A couple of my thoughts:
Many dogs, including one of mine, need some time before they can offer new performances in the trial ring. I have heard many trainers say that there is a delay between teaching a skill and seeing the skill present itself in the trial ring. In my experience, I see it in about 8 weeks. I have heard other trainers say 12 weeks, some 4 weeks. So I would need to be completed teaching the skill prior to 8 weeks out, in order to have a reliable expectation of my dog performing it.
--Ric Bonner
This could be a really interesting topic for a training conversation! I don't know if you, Ric, are on the Seminar List, but if you are, maybe you'd be willing to transfer this over to there?? 
Thanks,
Kyle
I know Kyle that we talk about it in "sessions" and I expect and see it all the time that dogs can learn what we are talking about in three sessions, so basically two weeks.

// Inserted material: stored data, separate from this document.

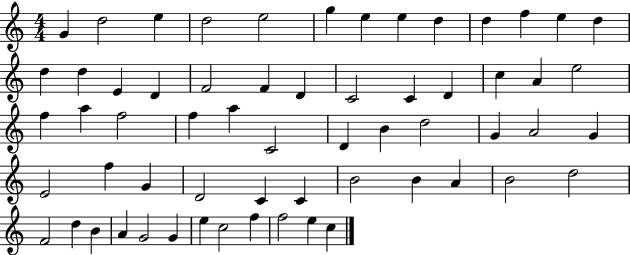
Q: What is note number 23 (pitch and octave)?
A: D4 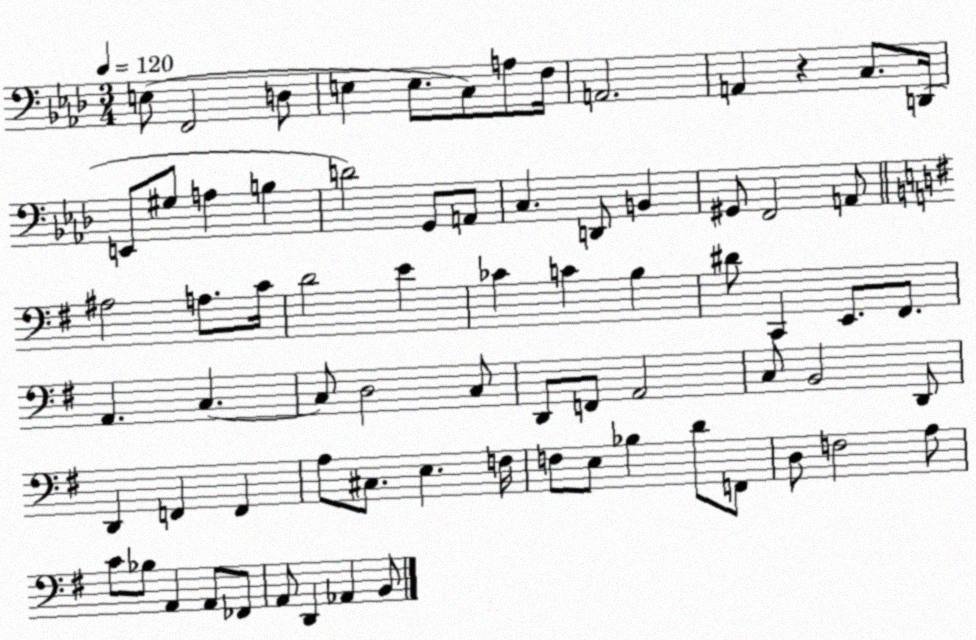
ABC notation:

X:1
T:Untitled
M:3/4
L:1/4
K:Ab
E,/2 F,,2 D,/2 E, E,/2 C,/2 A,/2 F,/4 A,,2 A,, z C,/2 D,,/4 E,,/2 ^G,/2 A, B, D2 G,,/2 A,,/2 C, D,,/2 B,, ^G,,/2 F,,2 A,,/2 ^A,2 A,/2 C/4 D2 E _C C B, ^D/2 C,, E,,/2 ^F,,/2 A,, C, C,/2 D,2 C,/2 D,,/2 F,,/2 A,,2 C,/2 B,,2 D,,/2 D,, F,, F,, A,/2 ^C,/2 E, F,/4 F,/2 E,/2 _B, D/2 F,,/2 D,/2 F,2 A,/2 C/2 _B,/2 A,, A,,/2 _F,,/2 A,,/2 D,, _A,, B,,/2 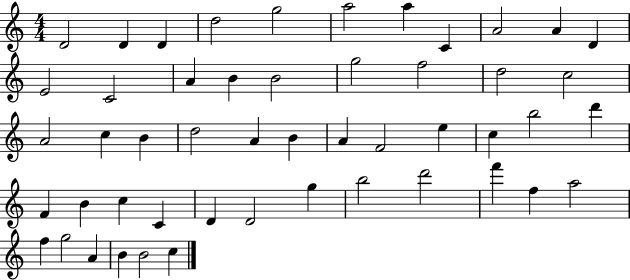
X:1
T:Untitled
M:4/4
L:1/4
K:C
D2 D D d2 g2 a2 a C A2 A D E2 C2 A B B2 g2 f2 d2 c2 A2 c B d2 A B A F2 e c b2 d' F B c C D D2 g b2 d'2 f' f a2 f g2 A B B2 c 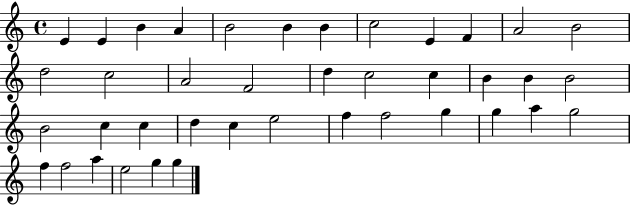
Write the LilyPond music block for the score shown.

{
  \clef treble
  \time 4/4
  \defaultTimeSignature
  \key c \major
  e'4 e'4 b'4 a'4 | b'2 b'4 b'4 | c''2 e'4 f'4 | a'2 b'2 | \break d''2 c''2 | a'2 f'2 | d''4 c''2 c''4 | b'4 b'4 b'2 | \break b'2 c''4 c''4 | d''4 c''4 e''2 | f''4 f''2 g''4 | g''4 a''4 g''2 | \break f''4 f''2 a''4 | e''2 g''4 g''4 | \bar "|."
} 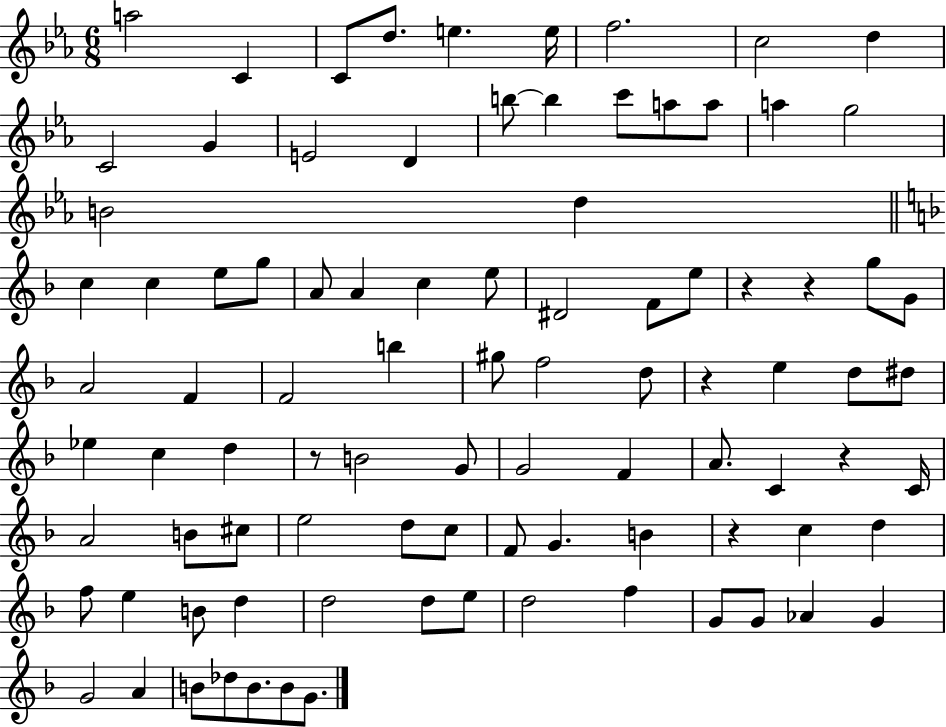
A5/h C4/q C4/e D5/e. E5/q. E5/s F5/h. C5/h D5/q C4/h G4/q E4/h D4/q B5/e B5/q C6/e A5/e A5/e A5/q G5/h B4/h D5/q C5/q C5/q E5/e G5/e A4/e A4/q C5/q E5/e D#4/h F4/e E5/e R/q R/q G5/e G4/e A4/h F4/q F4/h B5/q G#5/e F5/h D5/e R/q E5/q D5/e D#5/e Eb5/q C5/q D5/q R/e B4/h G4/e G4/h F4/q A4/e. C4/q R/q C4/s A4/h B4/e C#5/e E5/h D5/e C5/e F4/e G4/q. B4/q R/q C5/q D5/q F5/e E5/q B4/e D5/q D5/h D5/e E5/e D5/h F5/q G4/e G4/e Ab4/q G4/q G4/h A4/q B4/e Db5/e B4/e. B4/e G4/e. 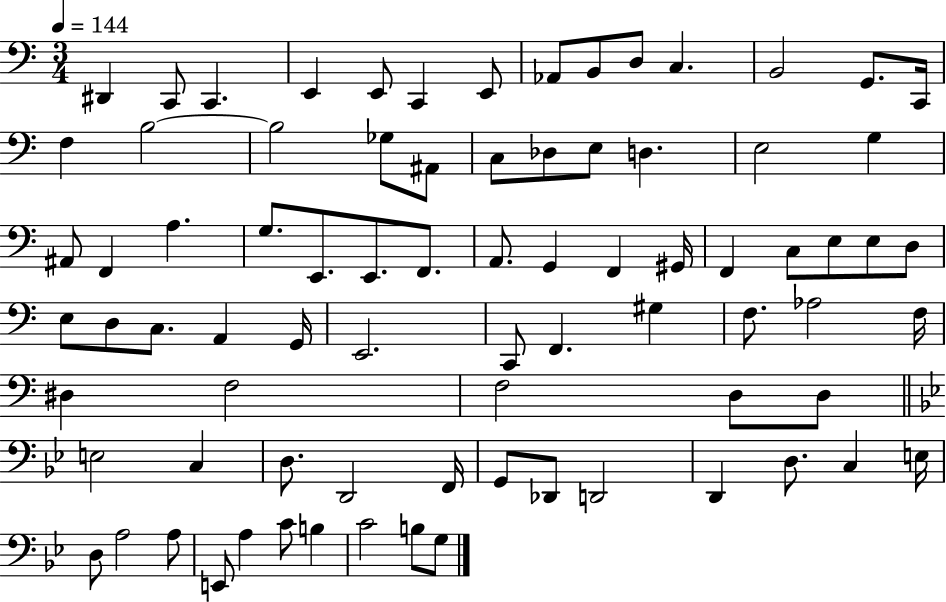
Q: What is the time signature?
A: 3/4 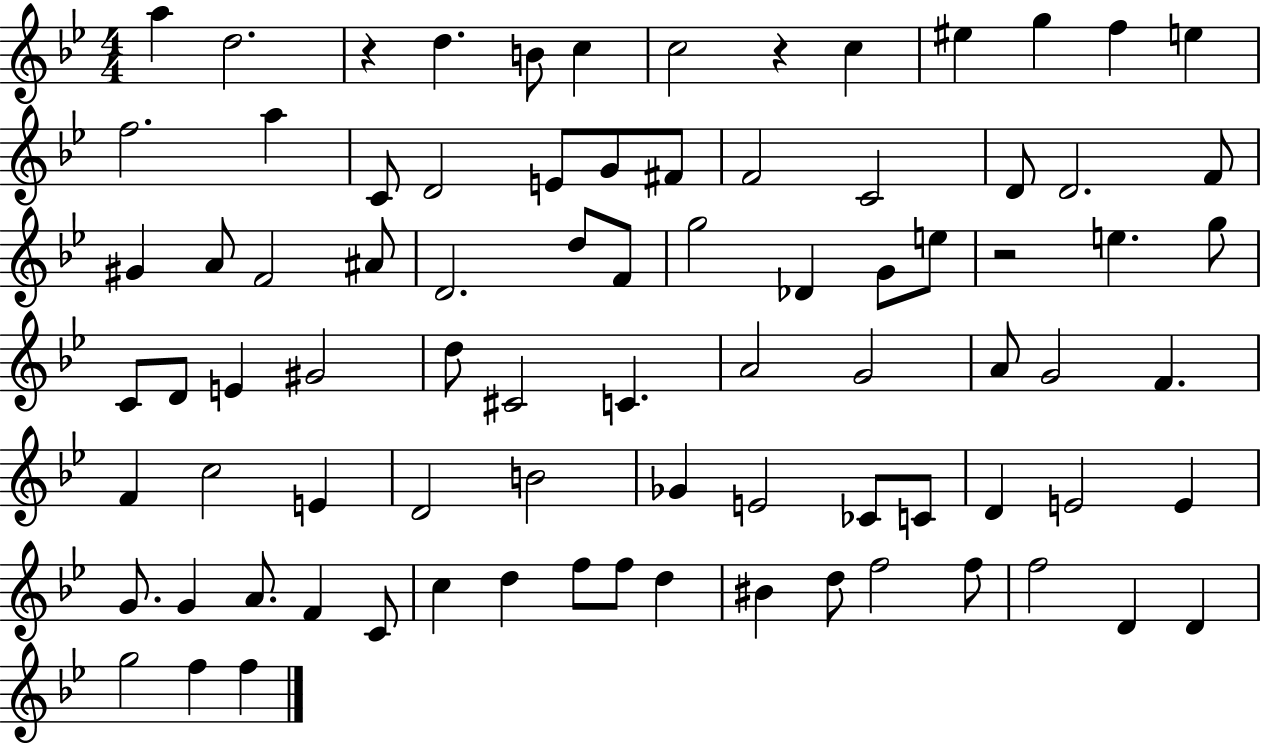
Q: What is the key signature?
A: BES major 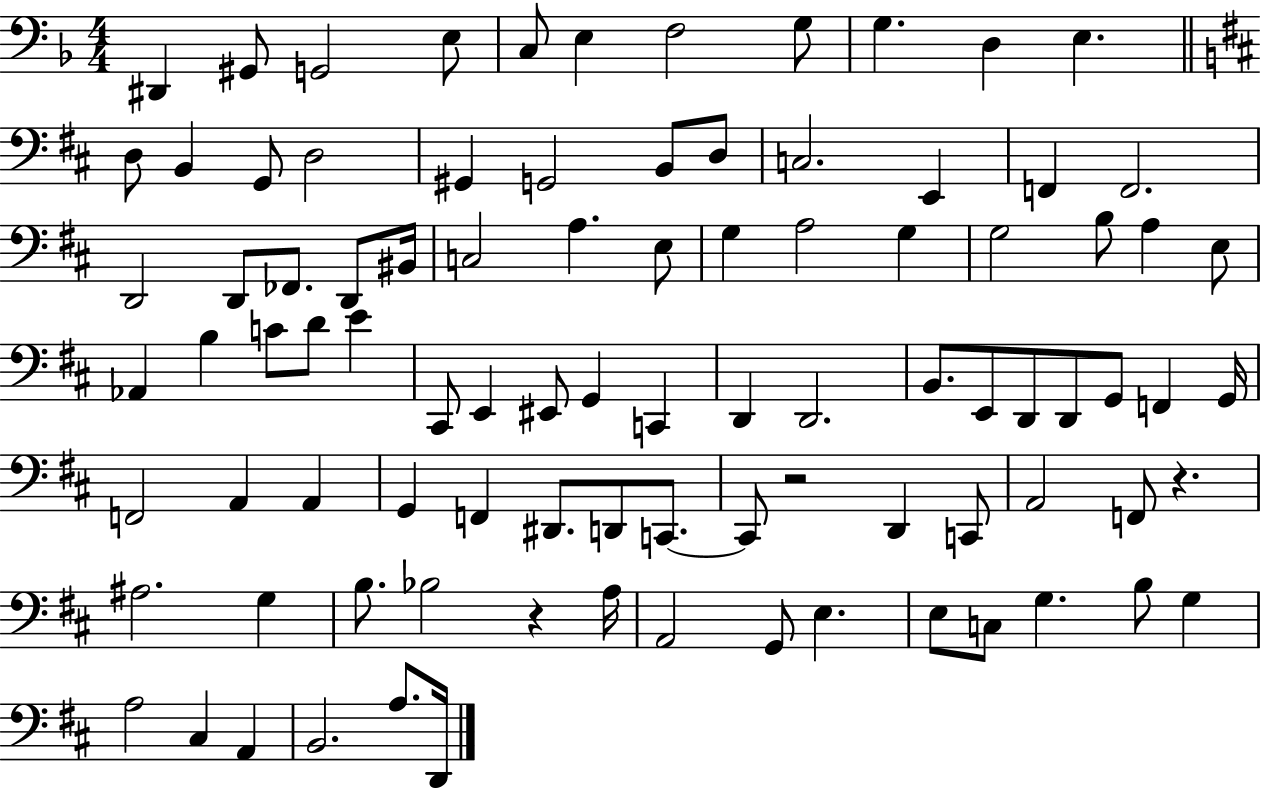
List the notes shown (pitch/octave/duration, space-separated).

D#2/q G#2/e G2/h E3/e C3/e E3/q F3/h G3/e G3/q. D3/q E3/q. D3/e B2/q G2/e D3/h G#2/q G2/h B2/e D3/e C3/h. E2/q F2/q F2/h. D2/h D2/e FES2/e. D2/e BIS2/s C3/h A3/q. E3/e G3/q A3/h G3/q G3/h B3/e A3/q E3/e Ab2/q B3/q C4/e D4/e E4/q C#2/e E2/q EIS2/e G2/q C2/q D2/q D2/h. B2/e. E2/e D2/e D2/e G2/e F2/q G2/s F2/h A2/q A2/q G2/q F2/q D#2/e. D2/e C2/e. C2/e R/h D2/q C2/e A2/h F2/e R/q. A#3/h. G3/q B3/e. Bb3/h R/q A3/s A2/h G2/e E3/q. E3/e C3/e G3/q. B3/e G3/q A3/h C#3/q A2/q B2/h. A3/e. D2/s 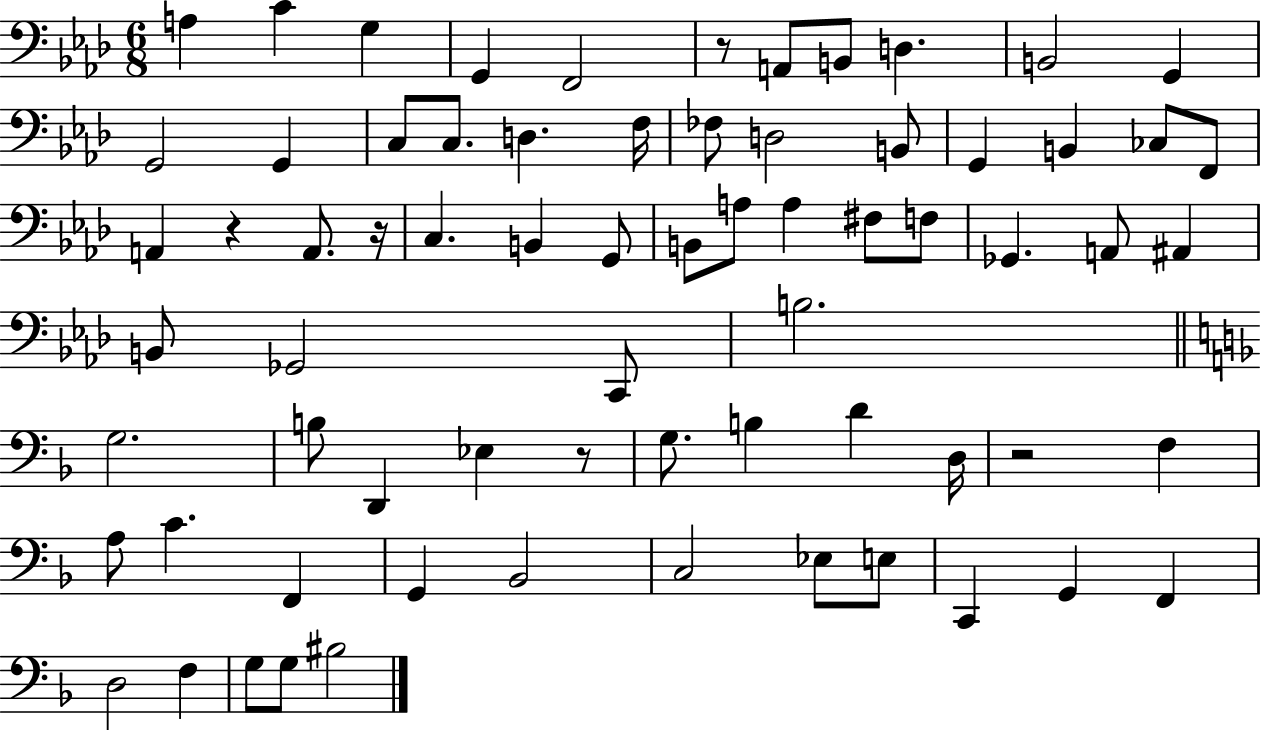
{
  \clef bass
  \numericTimeSignature
  \time 6/8
  \key aes \major
  a4 c'4 g4 | g,4 f,2 | r8 a,8 b,8 d4. | b,2 g,4 | \break g,2 g,4 | c8 c8. d4. f16 | fes8 d2 b,8 | g,4 b,4 ces8 f,8 | \break a,4 r4 a,8. r16 | c4. b,4 g,8 | b,8 a8 a4 fis8 f8 | ges,4. a,8 ais,4 | \break b,8 ges,2 c,8 | b2. | \bar "||" \break \key f \major g2. | b8 d,4 ees4 r8 | g8. b4 d'4 d16 | r2 f4 | \break a8 c'4. f,4 | g,4 bes,2 | c2 ees8 e8 | c,4 g,4 f,4 | \break d2 f4 | g8 g8 bis2 | \bar "|."
} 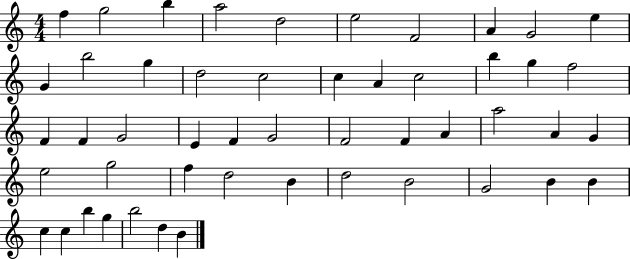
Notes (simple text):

F5/q G5/h B5/q A5/h D5/h E5/h F4/h A4/q G4/h E5/q G4/q B5/h G5/q D5/h C5/h C5/q A4/q C5/h B5/q G5/q F5/h F4/q F4/q G4/h E4/q F4/q G4/h F4/h F4/q A4/q A5/h A4/q G4/q E5/h G5/h F5/q D5/h B4/q D5/h B4/h G4/h B4/q B4/q C5/q C5/q B5/q G5/q B5/h D5/q B4/q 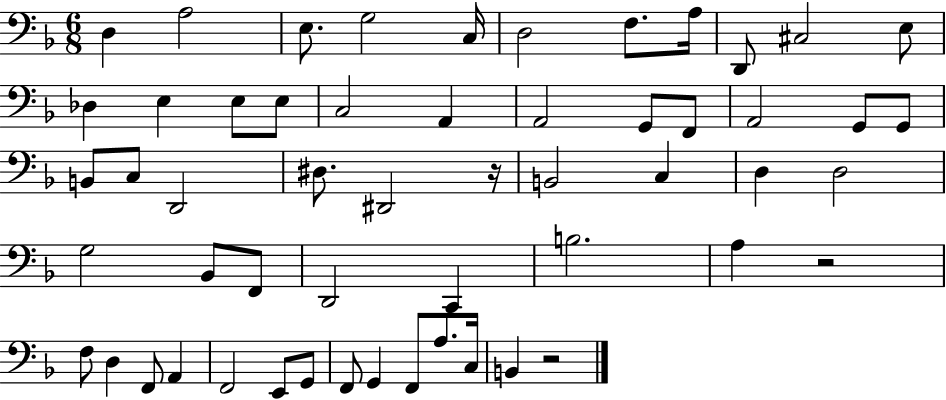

I know in seminars, they have it perfect by the third day and are trial ready. We see it seminar after seminar and dogs go right to trials and perform beautifully. All trainers are different. I am much more of the "more on" and "move forward" in your training and don't bore the dog by repeating what he already knows when learning something new. I do very little "drilling".
You have seen us start something new and have it perfected by the second day, the third day for sure. I do believe that it is about the number of sessions trained, not the length of time. But then I never bought any of the same thing when I was doing obedience. And I loved my obedience scores also.
I push, too much for some, but I like to see the dog challenged without over pressuring them.
But that is me and I do understand that there are many other methods and they work great too!!